Post mortem!
After acceptance at Oregon, South Dakota, and Iowa, as well as rejection from Minnesota, Vanderbilt, Wisconsin, and Colorado-Boulder, I confirmed today with University of Denver, home of the 2004 NCAA hockey champs, and now, me.
Naturally, in my last semester, when grades no longer matter vis-à-vis the law school application process, I made the best marks of my life, with straight A’s and an appearance on the Dean’s List.
This thread was full of good advice, with the stuff about time management being the most pertinent. If there’s anything that will hang someone out to dry during that test, it’s wasted time.
My LSAT experience, despite all the conscientious preparation, still sucked and caught me off guard a lot. Consumed by anxiety, I was up until 4 a.m. the night before, and felt just awful during the session. Even though I had a whole box of pencils at the hip and a stopwatch and all the nerdly paraphernalia of standardized tests, I somehow neglected to go to the bathroom before the test. It didn’t really cost me any time, but boy did it make me feel silly to have to leave the room for that.
LSAC played hardball, and decided to make my fake section another “logic games.” I did what I could, but on the one that turned out to be real I ran out of time and had to fill in about 7 dots without reading the questions.
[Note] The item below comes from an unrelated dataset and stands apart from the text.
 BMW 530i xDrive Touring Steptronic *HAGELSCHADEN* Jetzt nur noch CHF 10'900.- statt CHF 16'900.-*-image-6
Looking now at the answer sheet, none of them were right.
However, once we finished the third section and took a halftime break, things started looking up. By acing Reading Comprehension and one of the Argumentation sections, I kept my score fairly high. Of course, I didn’t get to find that out until the end of the month.
In retrospect, I wish I had taken a Kaplan course, especially since it seems to be most effective on the section at which I suck the hardest. On the day scores came out I spoke to another student who told me something pretty shocking. On his ACTs he scored a 19. That’s equivalent to about a 920 on the SATs, low enough to keep you out of most colleges. He took a Kaplan course and pulled a 170 on the LSAT, which amounts to 99th percentile on a much more challenging exam. To be sure, the college entrance and law school entrance exams test for different faculties, but usually the correlation is a lot stronger. He said he had Kaplan to thank.
For anyone planning to take the test, the most essential stuff is all in this thread. Practice, practice, practice…it may not make you perfect, but it’ll definitely give you a leg up. Some of the kids in that room looked absolutely terrified, a few even fled at intermission. I didn’t ask, but I’ll bet those were the ones trying to wing it.
From a macro level, this whole thing was a nasty drag. The test, though not all that masochistic as far as difficulty, is so important that it taunts you. A single point difference is huge, especially where I was. Though I’m more or less happy with my score, the fact that a minor boost would have totally changed the constellation of where I could end up almost talked me into retaking the stupid thing. The application process, despite being really nicely streamlined through a central, fully online clearinghouse, is still a pain. Acceptance, particularly at state schools, is a totally arcane and impenetrable matter of hoodoo: I spoke to people with higher numbers than mine who were rejected at schools I got into. My stats were well above the norm at Wisconsin, and yet they rejected me out of hand. Some schools ignore you for months without contact and then offer you piles of money, others string you along with sweet talk and then knife you in the back–I’m looking at you, Minnesota. On the other hand, it’s a good experience, like surviving pneumonia or something, and I’m glad to be one step closer to a law degree. I’m very happy with how it has all shaken out. GO PIONEERS!